_MATERIAL FOR THIS EXERCISE_

Start of Block

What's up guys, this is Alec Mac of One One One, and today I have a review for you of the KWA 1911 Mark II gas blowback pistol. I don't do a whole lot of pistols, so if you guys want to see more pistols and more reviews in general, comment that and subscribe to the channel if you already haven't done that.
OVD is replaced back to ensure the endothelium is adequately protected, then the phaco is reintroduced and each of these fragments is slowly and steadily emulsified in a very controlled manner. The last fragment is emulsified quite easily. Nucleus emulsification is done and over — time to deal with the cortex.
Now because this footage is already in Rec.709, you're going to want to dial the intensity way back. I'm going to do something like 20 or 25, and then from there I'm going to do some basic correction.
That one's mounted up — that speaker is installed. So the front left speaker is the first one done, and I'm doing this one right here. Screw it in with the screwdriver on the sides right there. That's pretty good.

End of Block
Start of Block

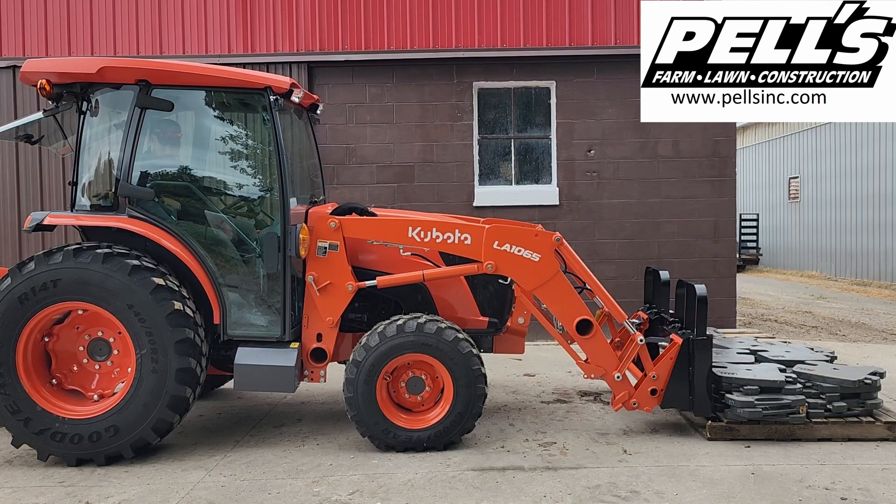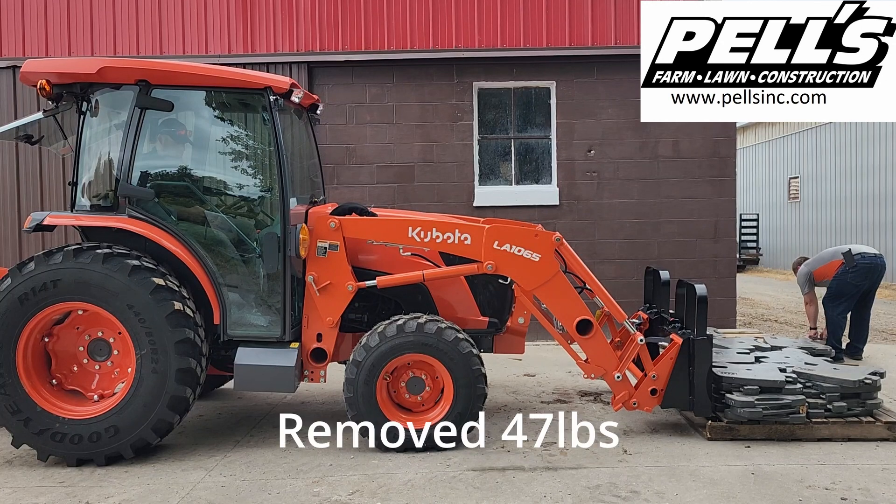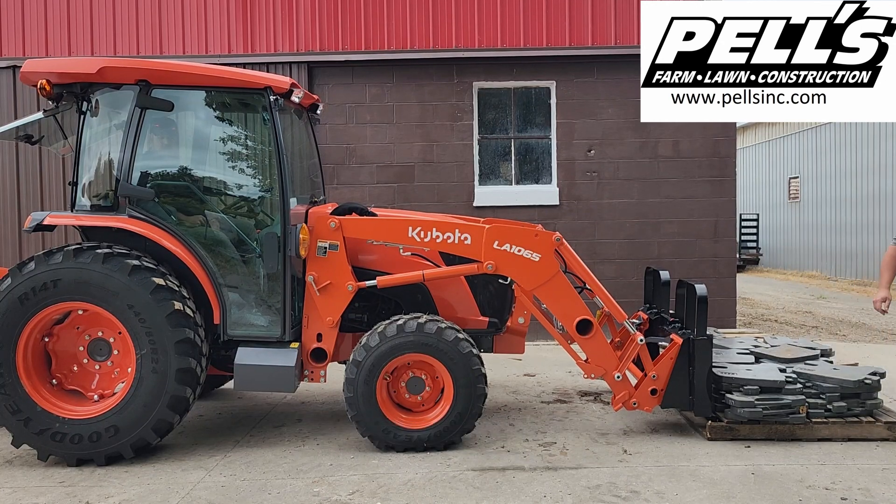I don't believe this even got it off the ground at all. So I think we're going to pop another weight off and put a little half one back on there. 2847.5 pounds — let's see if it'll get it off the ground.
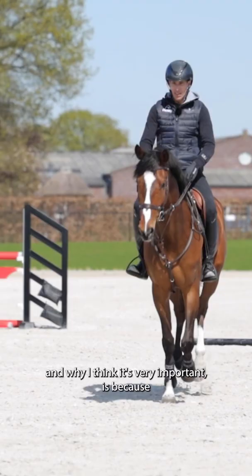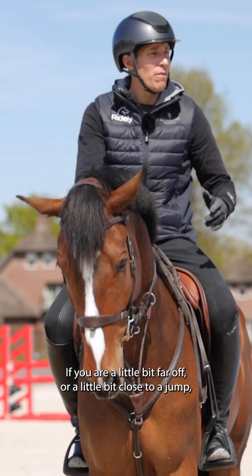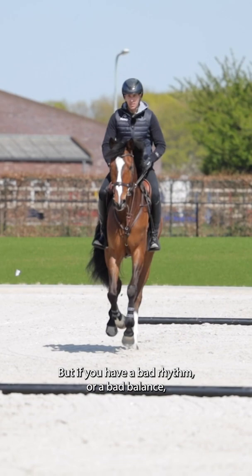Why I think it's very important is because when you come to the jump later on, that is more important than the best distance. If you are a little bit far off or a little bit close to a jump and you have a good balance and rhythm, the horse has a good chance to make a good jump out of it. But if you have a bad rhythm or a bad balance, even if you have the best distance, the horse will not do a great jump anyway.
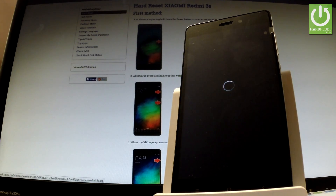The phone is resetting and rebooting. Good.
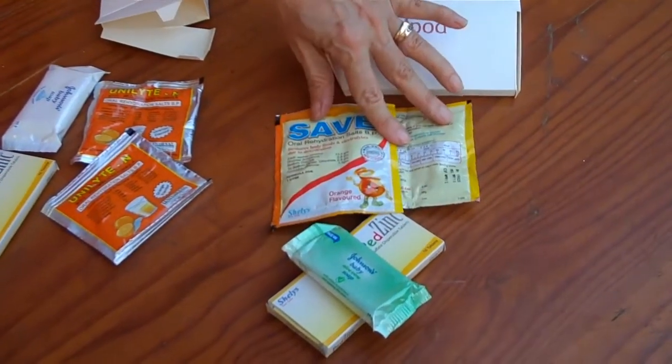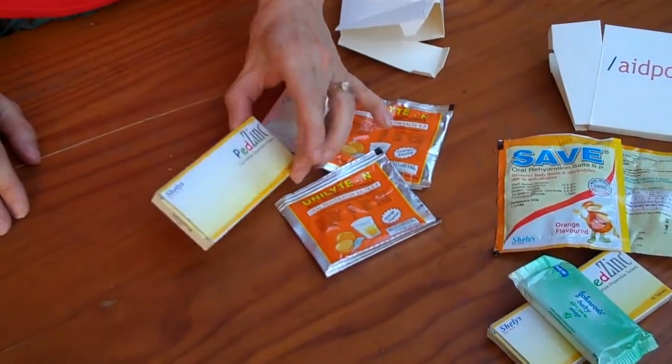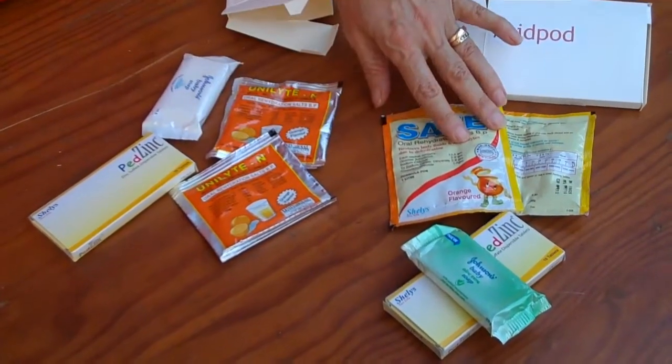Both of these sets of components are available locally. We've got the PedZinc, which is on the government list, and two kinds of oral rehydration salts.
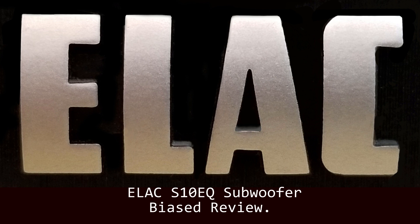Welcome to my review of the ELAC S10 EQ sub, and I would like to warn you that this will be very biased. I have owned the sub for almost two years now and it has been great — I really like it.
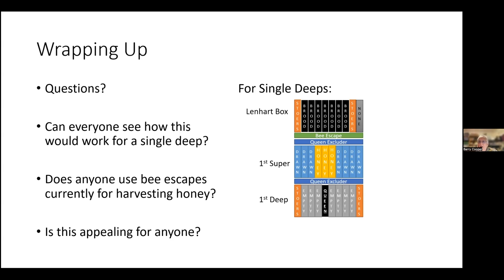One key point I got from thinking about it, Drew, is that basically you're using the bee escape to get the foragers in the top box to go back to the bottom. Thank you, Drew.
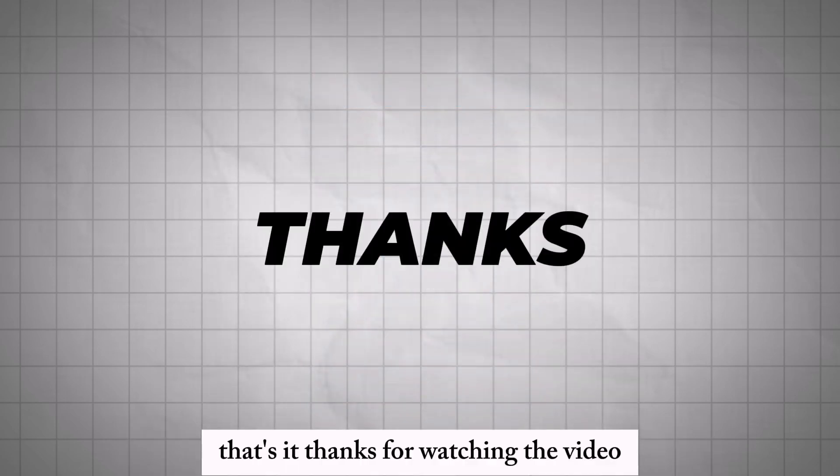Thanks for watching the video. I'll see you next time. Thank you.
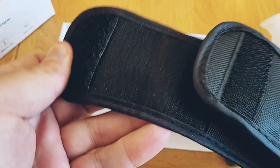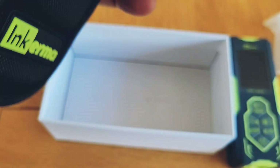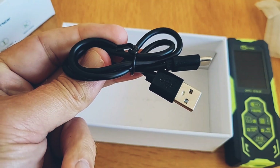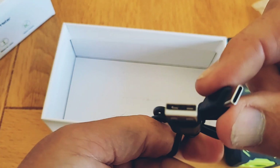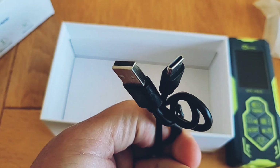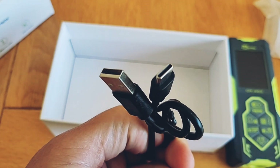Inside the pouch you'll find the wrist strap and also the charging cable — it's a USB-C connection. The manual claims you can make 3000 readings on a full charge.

End of Block
Start of Block

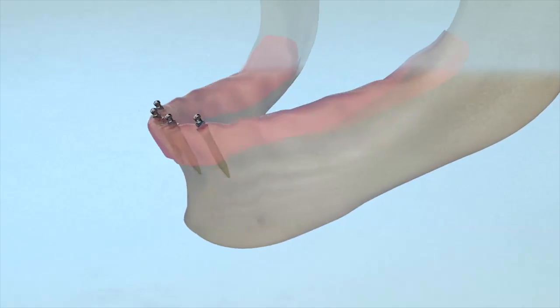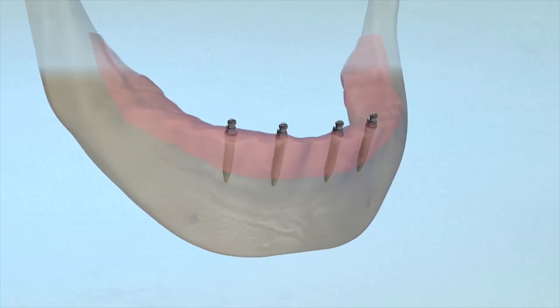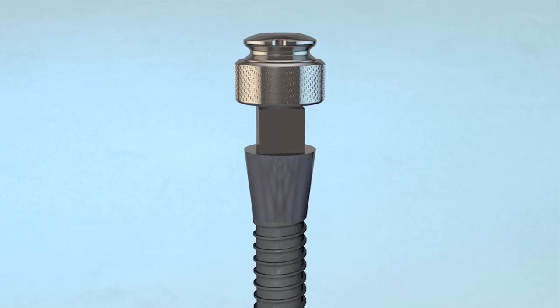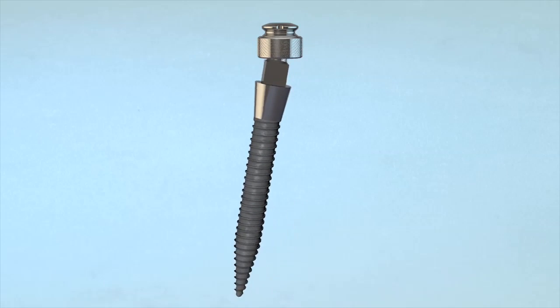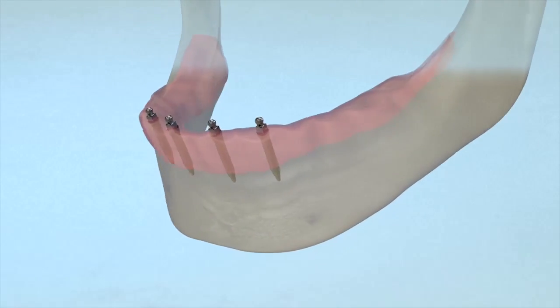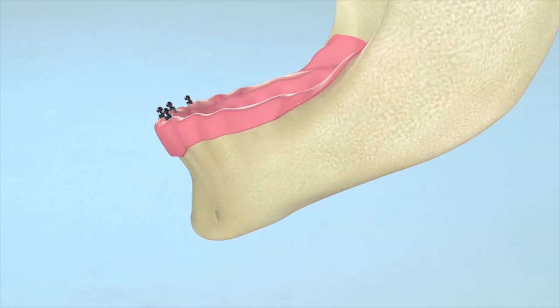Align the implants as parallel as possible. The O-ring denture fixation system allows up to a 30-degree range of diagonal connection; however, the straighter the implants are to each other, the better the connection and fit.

End of Block

_TASK OBJECTIVE_
Wherever "already" occurs in the records above, copy the line it sits in.

_COMPLETED TASK_
What's up guys, this is Alec Mac of One One One, and today I have a review for you of the KWA 1911 Mark II gas blowback pistol. I don't do a whole lot of pistols, so if you guys want to see more pistols and more reviews in general, comment that and subscribe to the channel if you already haven't done that.
Now because this footage is already in Rec.709, you're going to want to dial the intensity way back. I'm going to do something like 20 or 25, and then from there I'm going to do some basic correction.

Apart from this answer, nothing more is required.